Research shows that a case manager’s role in teaching the patient about what to expect when they return home will have a positive impact on their health. Returning home is often disorienting and upsetting for patients, as well as stressful for family members. Bridging care from the hospital to home is key to ensuring a happy return home.

What to Do Before You Leave the Hospital:

Going back home can be hard for patients. As much as you might want to leave the hospital, it can be overwhelming to go from a place where others are taking care of you to managing on your own.

Someone might have fears like:

  • “What if I am not strong enough to be at home on my own?”
  • “Who will take care of me?”
  • “I don’t know what to do!”

Answering these questions will prepare the patient to be successful in staying out of the hospital. You can accomplish this through five basic steps.

  1. Partner with a home care provider. A referral to home should ideally be followed by a professional caregiver visit the day after discharge. This is the scariest time for the patient and when they most need reassurance and reminders of the hospital to home care plan. A study in 2014 found that a home visit within three days of hospital discharge was the most effective way to reduce readmission.
  2. Read patient discharge education. When you aren’t sure how to stay out of the hospital, you are more likely to end up back in the hospital! Education on disease symptoms, diet, lifestyle changes, medications and follow up appointments empower the patient and the family to take responsibility.
  3. Assess the family’s caregiving ability. Family caregivers are not always able to care for the patient. But when family is included in discharge planning there is a decreased rate of readmission. Family caregivers are also at a high risk themselves for depression and caregiver burnout.
  4. Regular contact with the patient after discharge. Post-discharge follow-ups by a professional caregiver or home health aide allows for reinforcement of education, monitoring symptoms and assessing progress or adjusting care as needed. This strategy was shown to reduce returns to the hospital by 17% in those 65 and older.
  5. Arrange doctor visits in the community. Fewer than half of patients will see their community doctor within two weeks of discharge.

    A Yale-led study found the following strategies were most likely to reduce the patient’s return to hospital:

    1. Working with community physicians.
    2. Having follow up appointments already made.
    3. Having a process in place to communicate discharge summaries.

    Patients want to stay home. Staying at home promotes better health and can save thousands of dollars in health care costs. People just need the right support and education to transition back home.

How to Ensure the Hospital to Home Transition is as Smooth as Possible

There is a three-day window of opportunity that sets the patient up for a successful transition from hospital to home.

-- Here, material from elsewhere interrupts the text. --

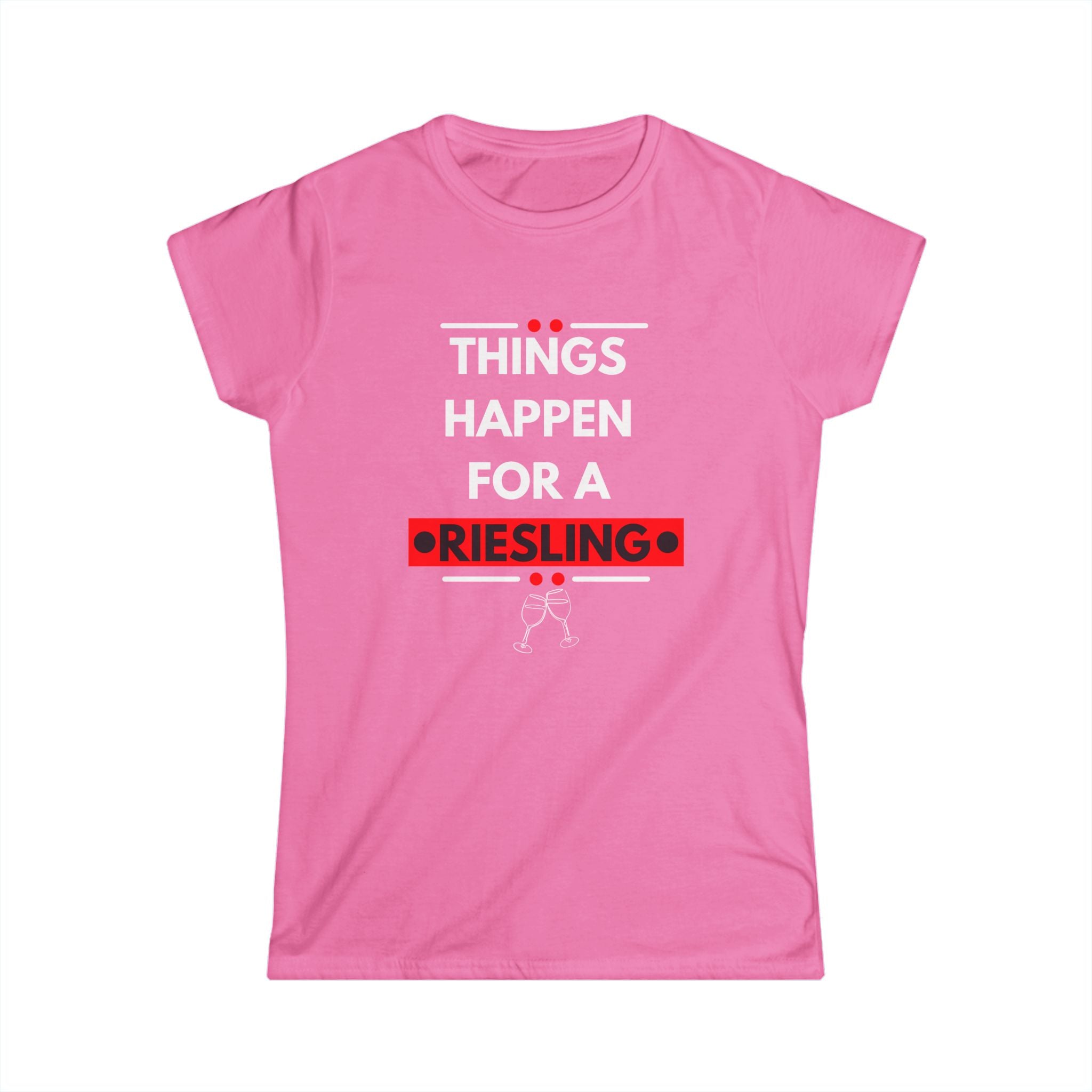 Things Happen for a Riesling T-Shirt – Fun Wine-Inspired Design for Women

If you miss that window, the patient has a one in five chance of being back in the hospital within 30 days. The homebound patient is often scared and confused.

Sometimes a person will try to keep up with what they did prior to their hospitalization and end up hurting themselves, or they will feel weak and helpless. A good strategy and proper support can ease this transition time and help the patient to feel confident at home again.

Once a patient is released from a hospital, the goal should be to prevent their return. Hospital readmissions are not good for patients and cost millions. Case managers, doctor follow-ups and well-trained caregivers are the most important pieces to the puzzle that can help prevent patients from returning too soon.

A patient that goes home with proper support and has a smooth transition from the hospital is a patient who stays safely at home.